==== Excerpted data

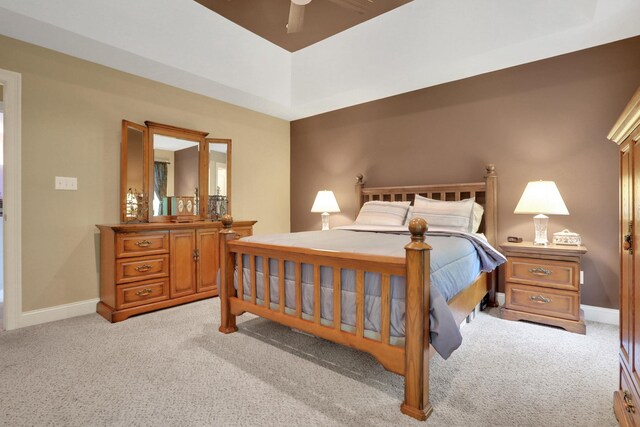390 Lakeside Rd, Newburgh, NY 12550 - bedroom featuring carpet, baseboards, and ceiling fan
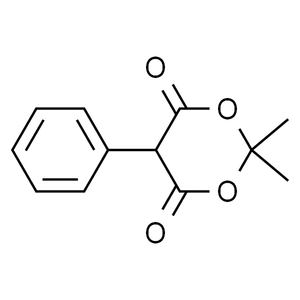 2，2-二甲基-5-苯基-1，3-二氧杂环己烷-4，6-二酮 ，98.0%(T)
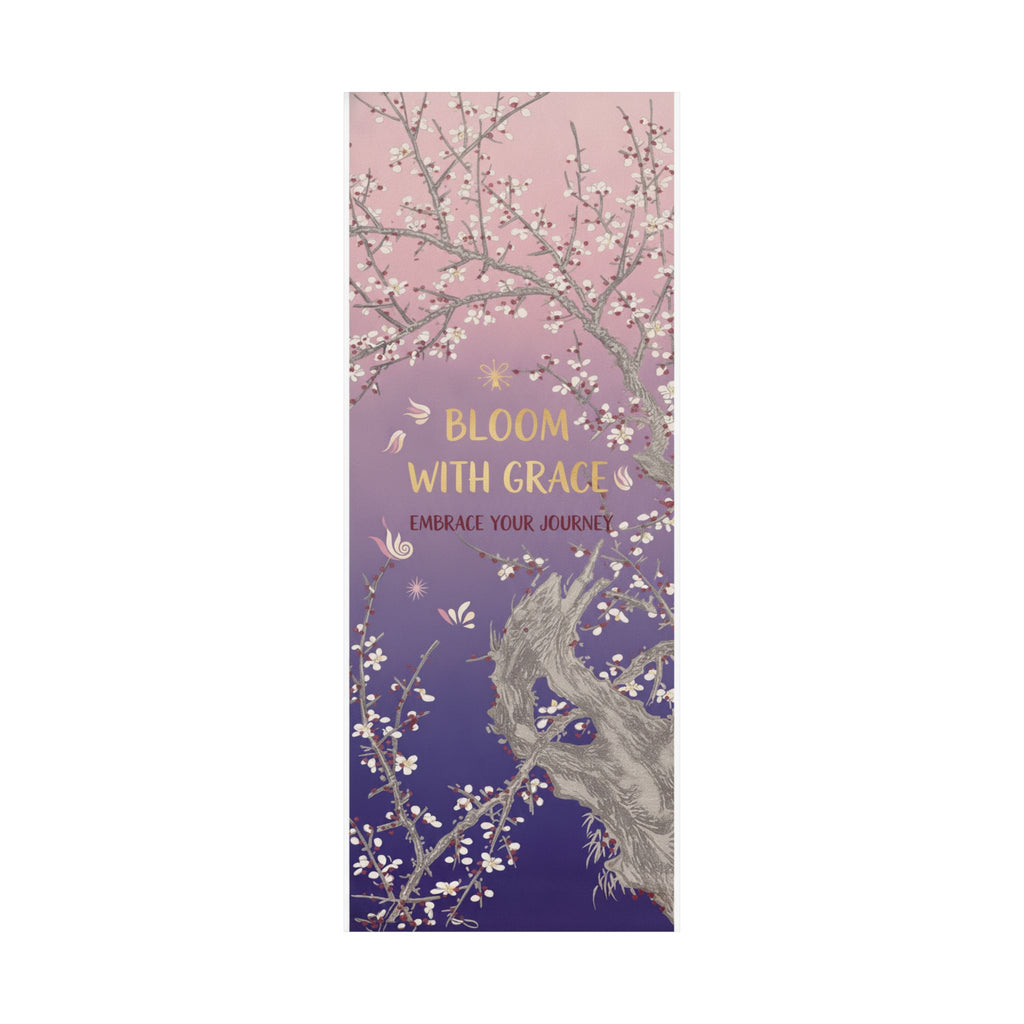 Affirmation — Plum Tree In Blossom — Matte Poster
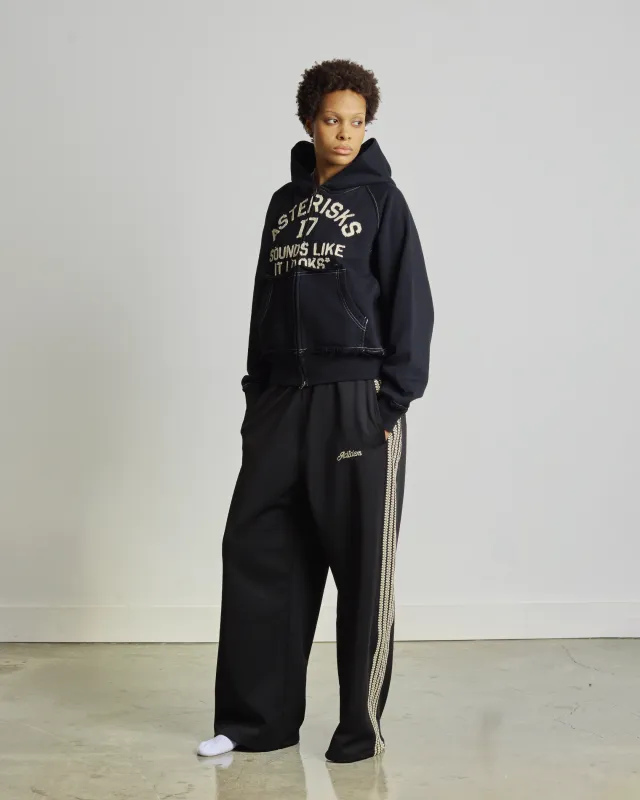 Frayed Collegiate Hoodie sold by Adidem Asterisks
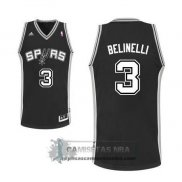Camiseta Spurs Belinelli Negro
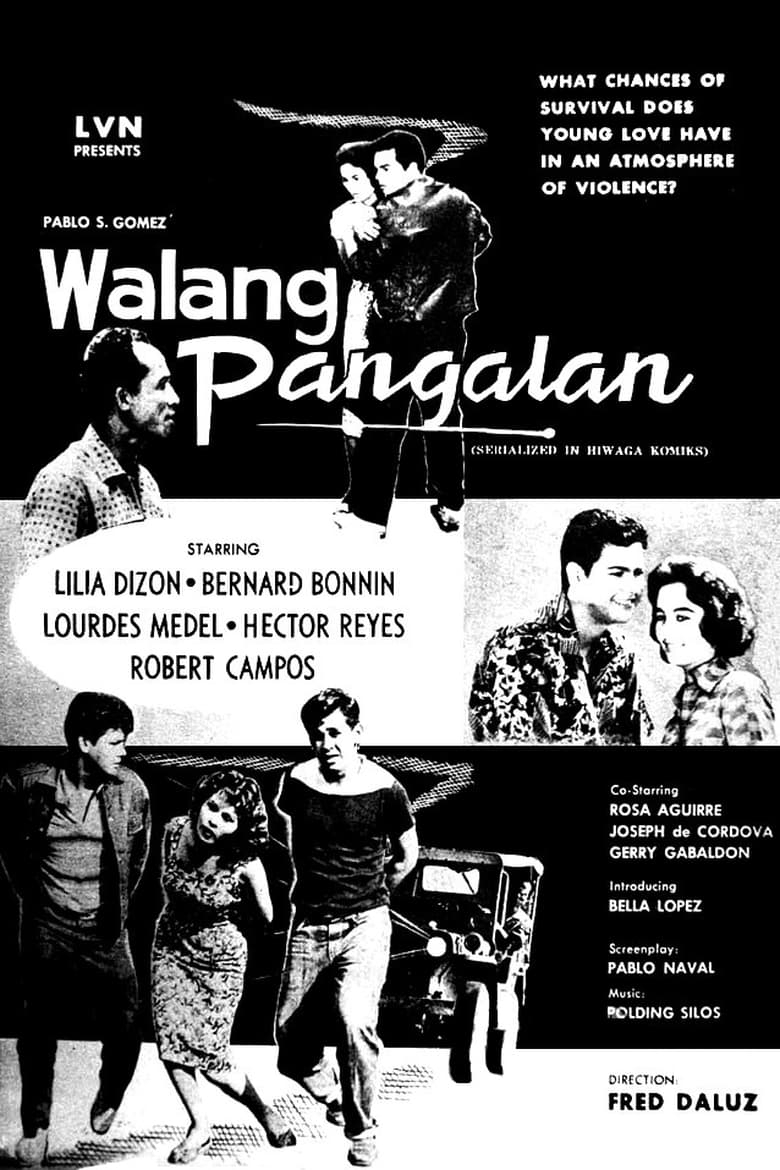 Poster of Walang Pangalan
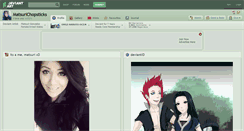 Desktop Screenshot of matsurichopsticks.deviantart.com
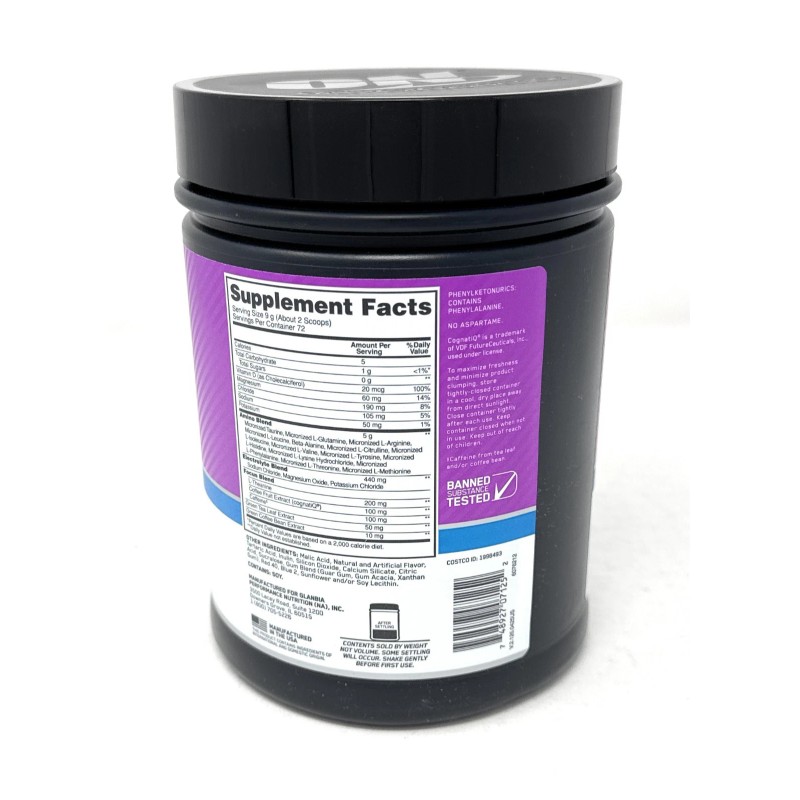 Optimum Nutrition Amino Energy Electrolytes,B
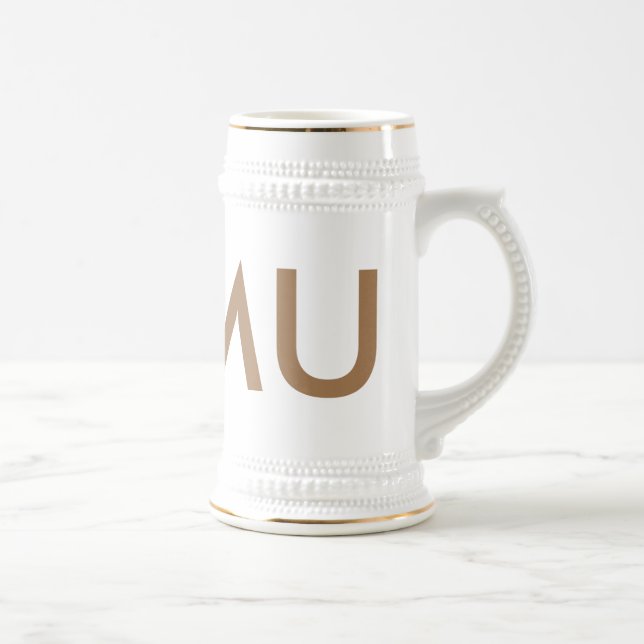 caneca de cerveja de cerâmica tradicional (Direita)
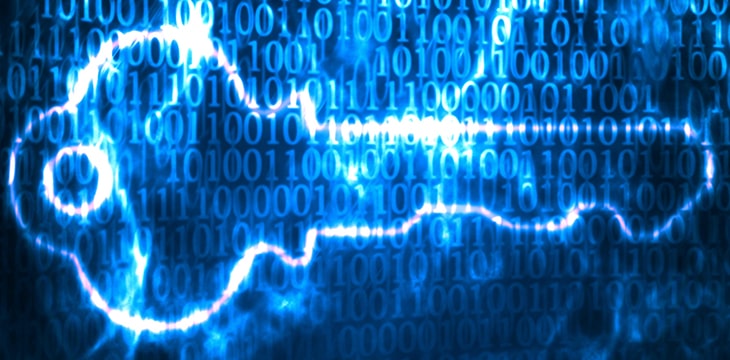 Key and binary code password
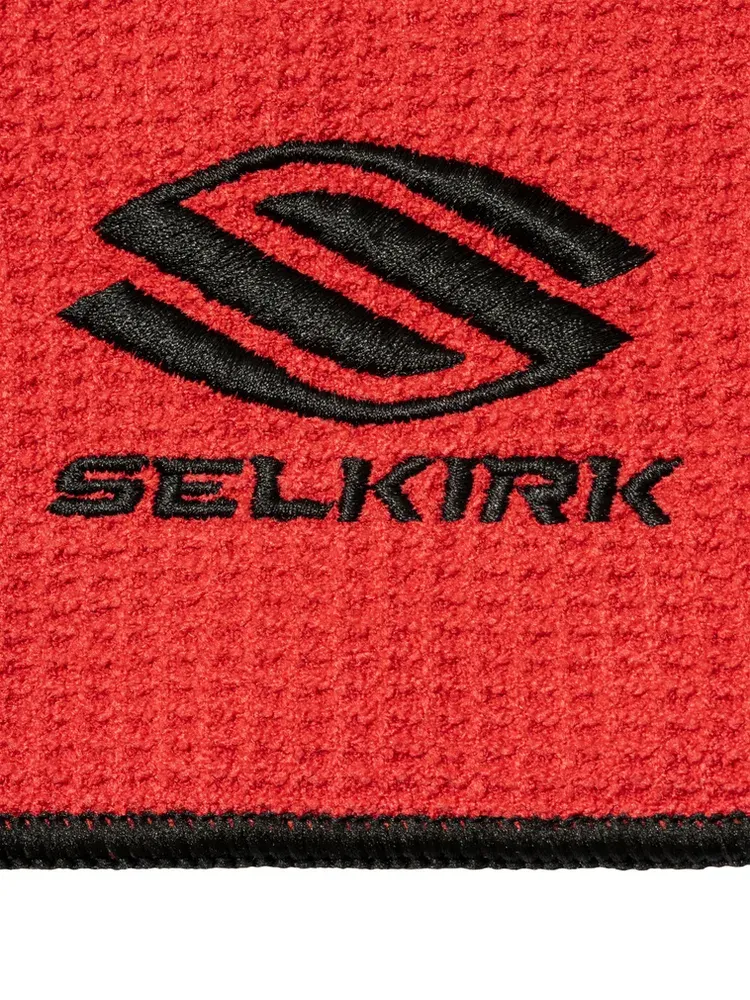 Selkirk Sport Players' Pickleball Towel-Red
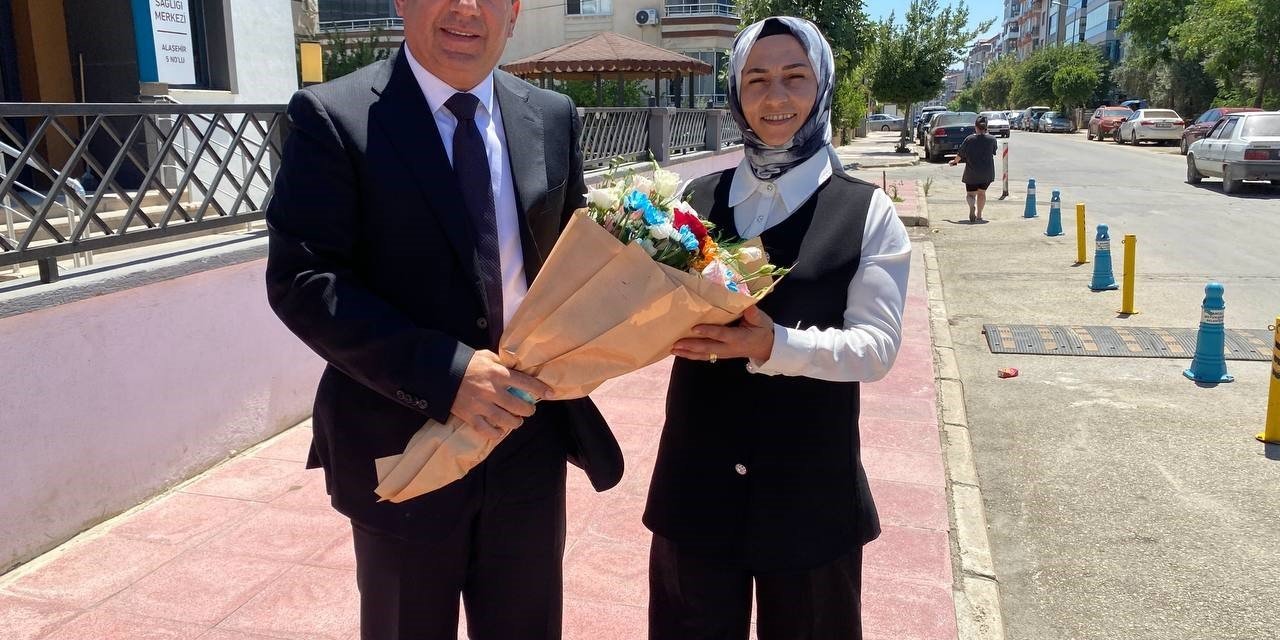 Alaşehir’in yeni kaymakamı göreve başladı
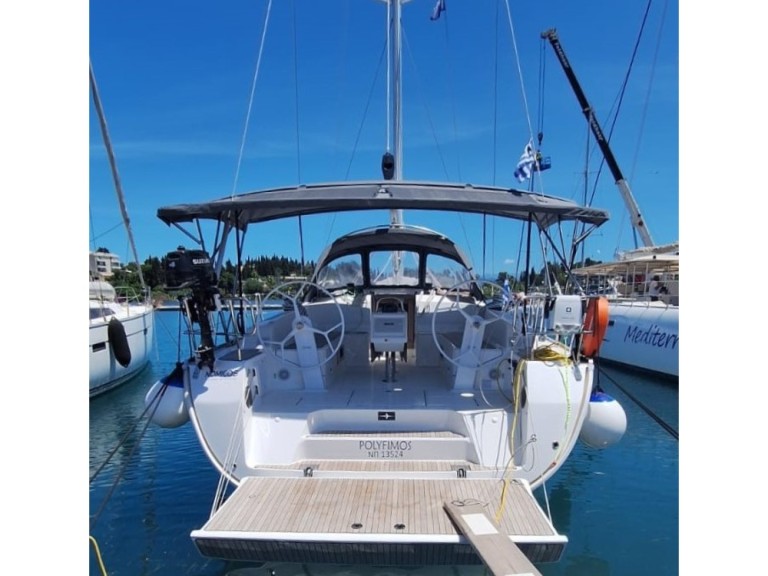 Yacht charter Gouvia - Bavaria Cruiser 46 on SamBoat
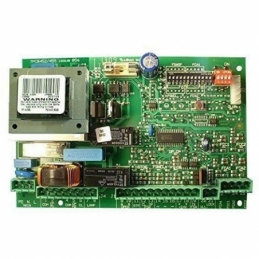 genius brain 592 scheda elettronica centrale di comando 230v per automazioni cancelli battenti faac genius JA592
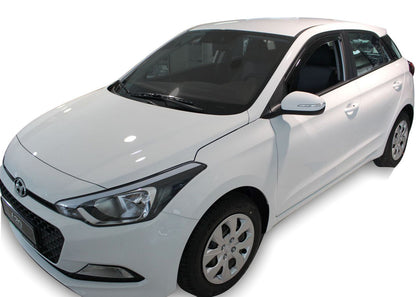 Set paravanturi fata si spate Team HEKO, Hyundai i20, 5 usi, hatchback, 2014-2020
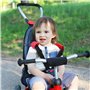 ZDNT Harnais Chaise Haute harnais de sécurité 5 points pour enfants Universelle Sangle de Sécurité pour Chaise Haute ceinture de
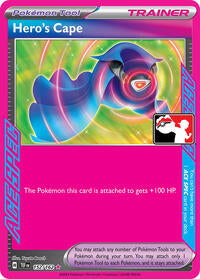 Hero's Cape (152) - Prize Pack Series Cards
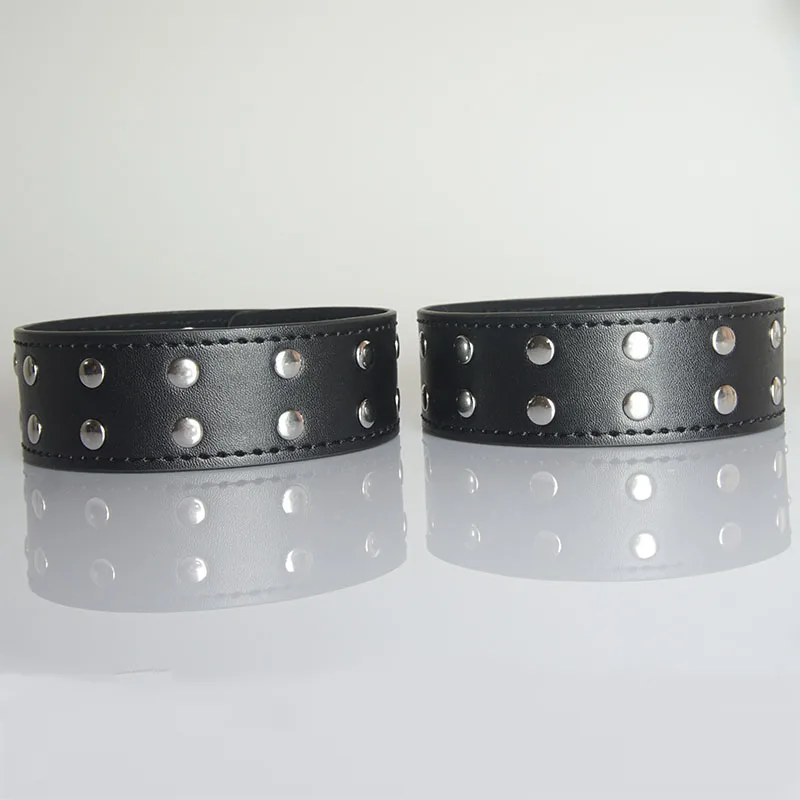 Кожаная повязка на руку наручные манжеты бондаж застежка для мужчин нагрудный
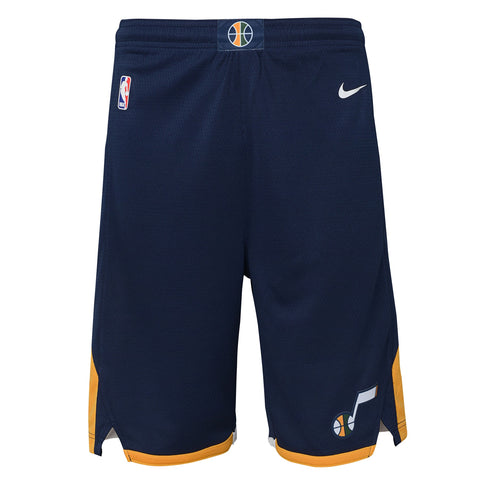 Nike NBA Youth Boys (8-20) Utah Jazz Swingman Icon Shorts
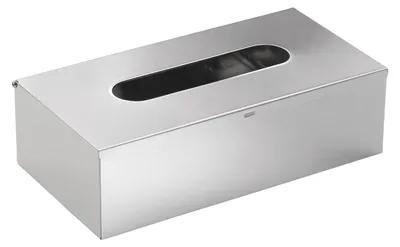 Produktbild von Gedy Taschentuchspender zum Einhängen 250x75x130 mm, Edelstahl matt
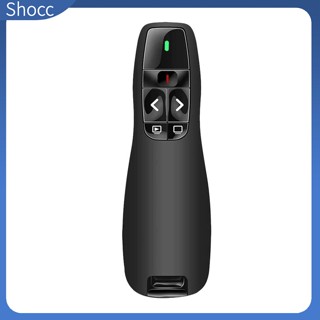 Shocc ปากกาพรีเซนเตอร์ไร้สาย อเนกประสงค์ สําหรับการเรียนการสอน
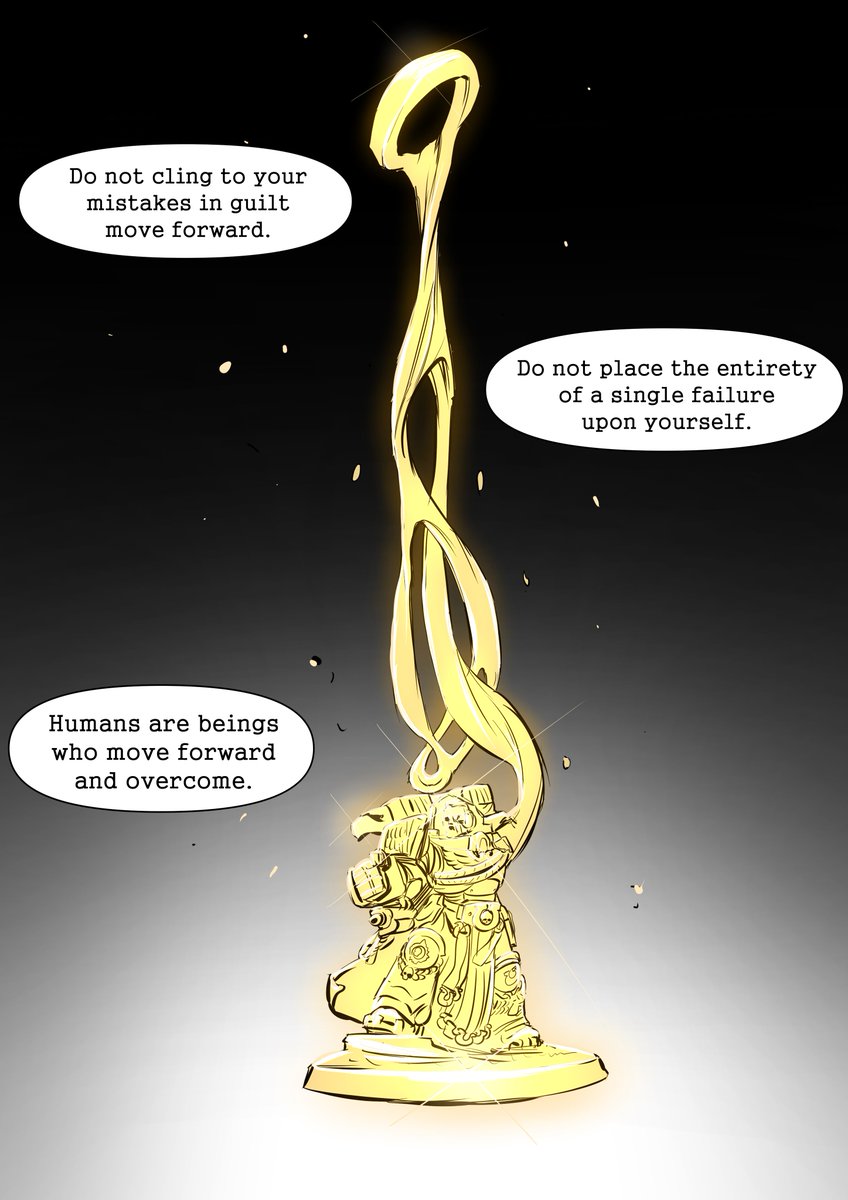 starve1699's tweet photo. Calgar receiving counseling (1/2) https://t.co/o4TUR34XUq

========

Problem description
Exact copy, pictures excluded: from the line with "Camiseta Spurs Belinelli Negro" up to and including the line with "ZDNT Harnais Chaise" in the data above.

Exercise response
Camiseta Spurs Belinelli Negro
 Poster of Walang Pangalan
 Desktop Screenshot of matsurichopsticks.deviantart.com
 Optimum Nutrition Amino Energy Electrolytes,B
 caneca de cerveja de cerâmica tradicional (Direita)
 Key and binary code password
 Selkirk Sport Players' Pickleball Towel-Red
 Alaşehir’in yeni kaymakamı göreve başladı
 Yacht charter Gouvia - Bavaria Cruiser 46 on SamBoat
 genius brain 592 scheda elettronica centrale di comando 230v per automazioni cancelli battenti faac genius JA592
 Set paravanturi fata si spate Team HEKO, Hyundai i20, 5 usi, hatchback, 2014-2020
 ZDNT Harnais Chaise Haute harnais de sécurité 5 points pour enfants Universelle Sangle de Sécurité pour Chaise Haute ceinture de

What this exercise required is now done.